Before it became "A Film by Steven Spielberg," War Horse was a children's book by Michael Morpurgo and a hit play.
Given Spielberg's Oscar-y track record, it comes to the big screen with loads of prestige (note the Christmas Day release date) and the promise that the film version will be the best possible incarnation of the story.
I doubt that. War Horse is a lovely film, to be sure. But given its examination of the ugliness of war, it seems pertinent to ask: Should it be so very lovely?
Spielberg pulls out all the stops early on. The setting: English countryside. Cue the lyrical pseudo-Vaughn Williams strings, courtesy of composer John Williams, as we are introduced to the horse Joey as he is born. The beautiful beast falls into the hands of an alcoholic farmer (Peter Mullan) too proud to relinquish the horse to his rich landlord (David Thewlis) at auction.
Fortunately, the farmer's son Albert (Jeremy Irvine) has already fallen for the horse and vows to do anything he can to keep him, including training him for the grunt work of plowing a rocky field.

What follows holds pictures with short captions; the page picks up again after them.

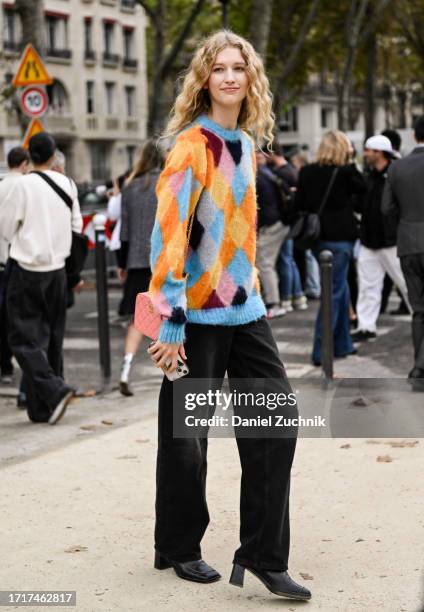 Model is seen wearing a blue and orange sweater and black jeans outside the Chanel show during the Womenswear Spring/Summer 2024 as part of Paris...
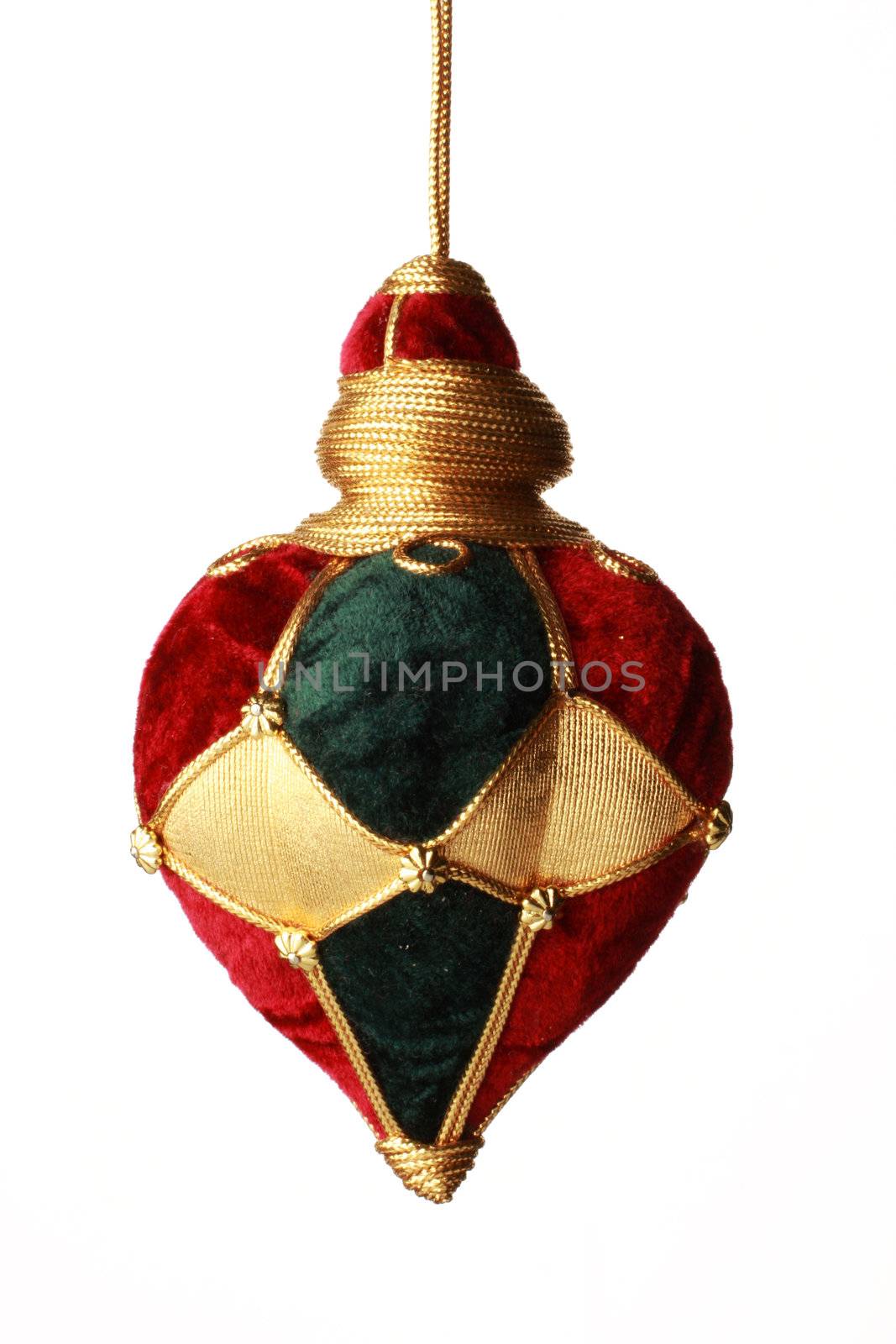 christmas ball hanging from golden thread, shot in studio isolated on white. Perfect for your holiday designs or ads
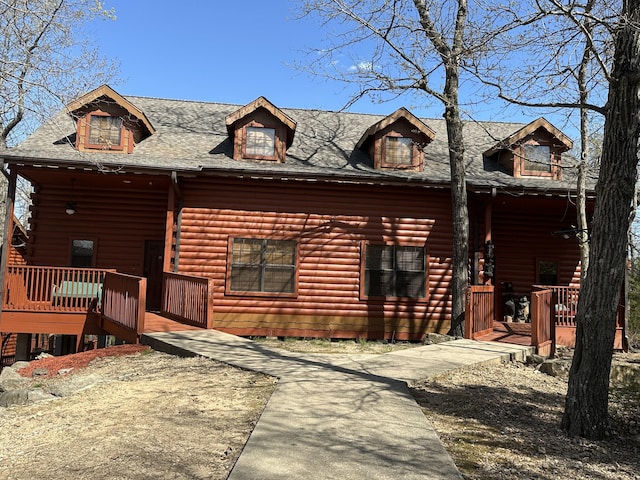 log cabin featuring roof with shingles and a porch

But war looms in Europe and soon the horse is transferred into the possession of an English cavalry captain (Tom Hiddleston). Call Joey a draft horse.
The captain is all very conscientious and gallant, but the face of combat changed in the First World War, and Spielberg duly portrays the transition in a scene in which an old-fashioned cavalry charge collides with the 20th century in the form of a barrage of machine gun fire.
Suddenly in the possession of Germans, Joey is stolen by a pair of young brothers who attempt to desert. And the horse winds up under the protection of a Dutch farmer (Niels Arestrup) before being taken by more villainous Germans, who hook him up to cart heavy artillery uphill. Joey unknowingly switches allegiances again, only to wind up in the vicinity of young Albert, who has evidently joined the army with the express purpose of finding his horse.
Photographed for maximum lushness by Janusz Kaminski (Schindler's List), War Horse again is a lovely looking film, but that loveliness is at odds with the story on multiple levels. A view of war as seen through the eyes of an animal would surely be a horror movie and not a pseudo-inspirational drama.
Spielberg and screenwriters Richard Curtis and Lee Hall extend the romantic fallacy to providing Joey with an equine pal with whom he might play out anthropomorphic notions of friendship and sacrifice among the horsy set.
One cannot fault the film's production, which is superb, and makes for an esthetically pleasing time at the movies. It's all so beautiful and stirring -- and as false as the promise of adventure and glory that drew all those young men into the war in the first place.